- [Supplied information]
= Beginning of Section =

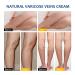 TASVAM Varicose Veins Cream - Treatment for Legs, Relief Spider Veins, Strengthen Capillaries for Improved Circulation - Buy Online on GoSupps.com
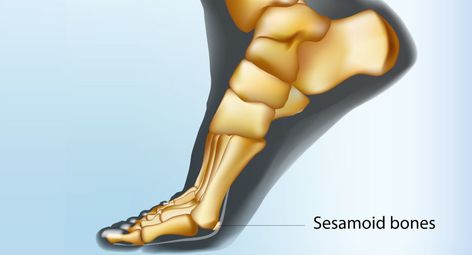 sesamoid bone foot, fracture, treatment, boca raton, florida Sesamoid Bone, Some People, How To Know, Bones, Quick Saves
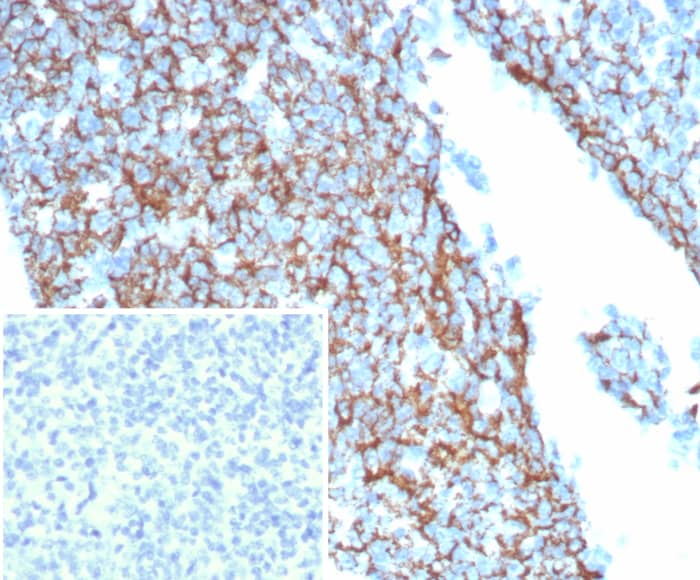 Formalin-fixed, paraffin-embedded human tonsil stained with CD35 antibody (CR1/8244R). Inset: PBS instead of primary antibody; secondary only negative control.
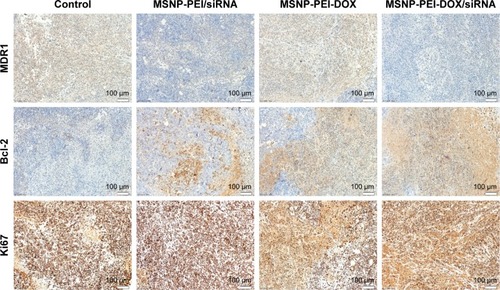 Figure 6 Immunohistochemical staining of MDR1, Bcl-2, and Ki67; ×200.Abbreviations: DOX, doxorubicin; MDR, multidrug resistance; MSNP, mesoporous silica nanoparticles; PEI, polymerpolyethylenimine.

= End of Section =
= Beginning of Section =

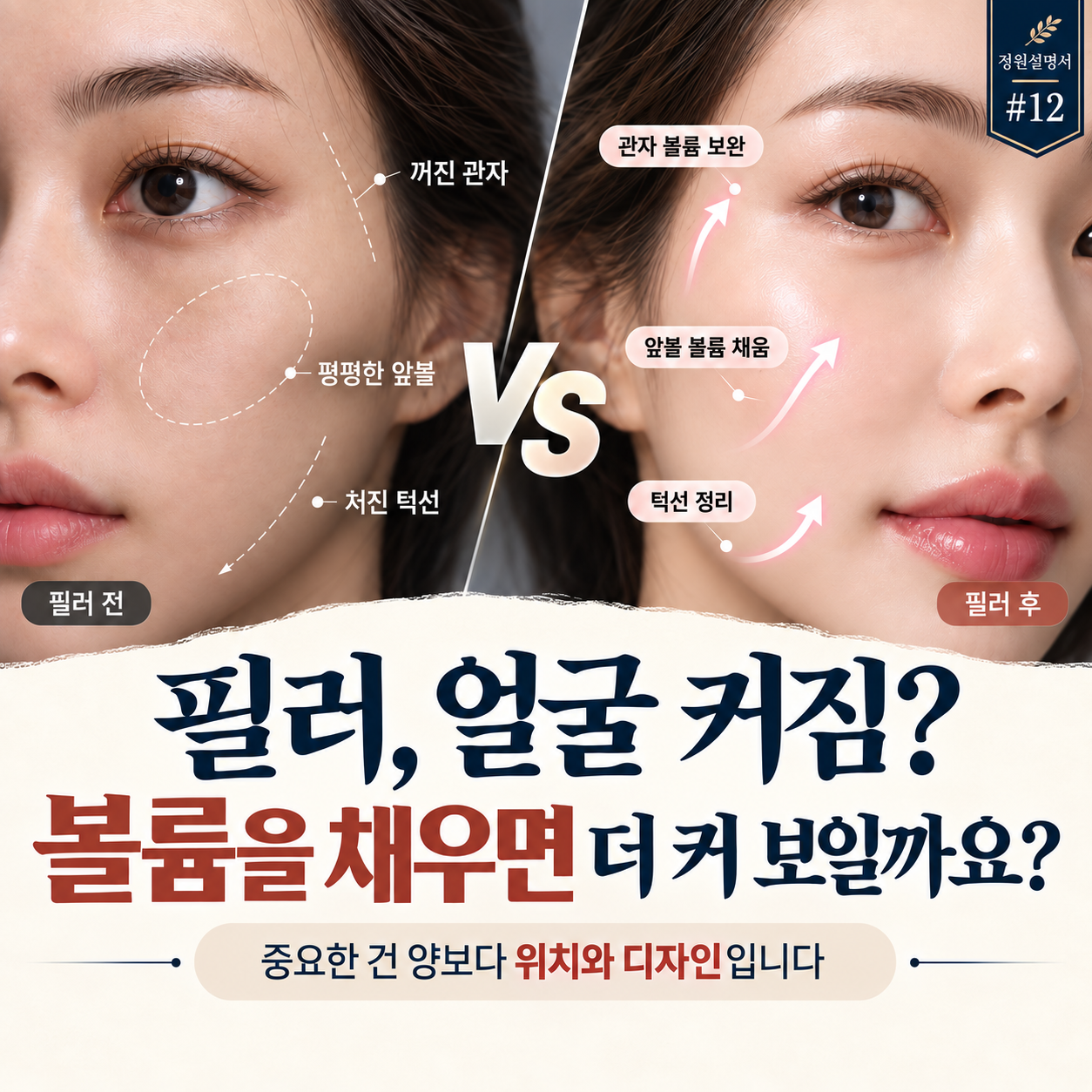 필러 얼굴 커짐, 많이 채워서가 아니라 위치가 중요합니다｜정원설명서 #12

= End of Section =

- [Assignment] Above are records with pictures. Reproduce exactly only the lines from the line with "TASVAM Varicose Veins" through the line with "Figure 6 Immunohistochemical", both ends included, and leave the pictures out.

- [Result of the task]
 TASVAM Varicose Veins Cream - Treatment for Legs, Relief Spider Veins, Strengthen Capillaries for Improved Circulation - Buy Online on GoSupps.com
 sesamoid bone foot, fracture, treatment, boca raton, florida Sesamoid Bone, Some People, How To Know, Bones, Quick Saves
 Formalin-fixed, paraffin-embedded human tonsil stained with CD35 antibody (CR1/8244R). Inset: PBS instead of primary antibody; secondary only negative control.
 Figure 6 Immunohistochemical staining of MDR1, Bcl-2, and Ki67; ×200.Abbreviations: DOX, doxorubicin; MDR, multidrug resistance; MSNP, mesoporous silica nanoparticles; PEI, polymerpolyethylenimine.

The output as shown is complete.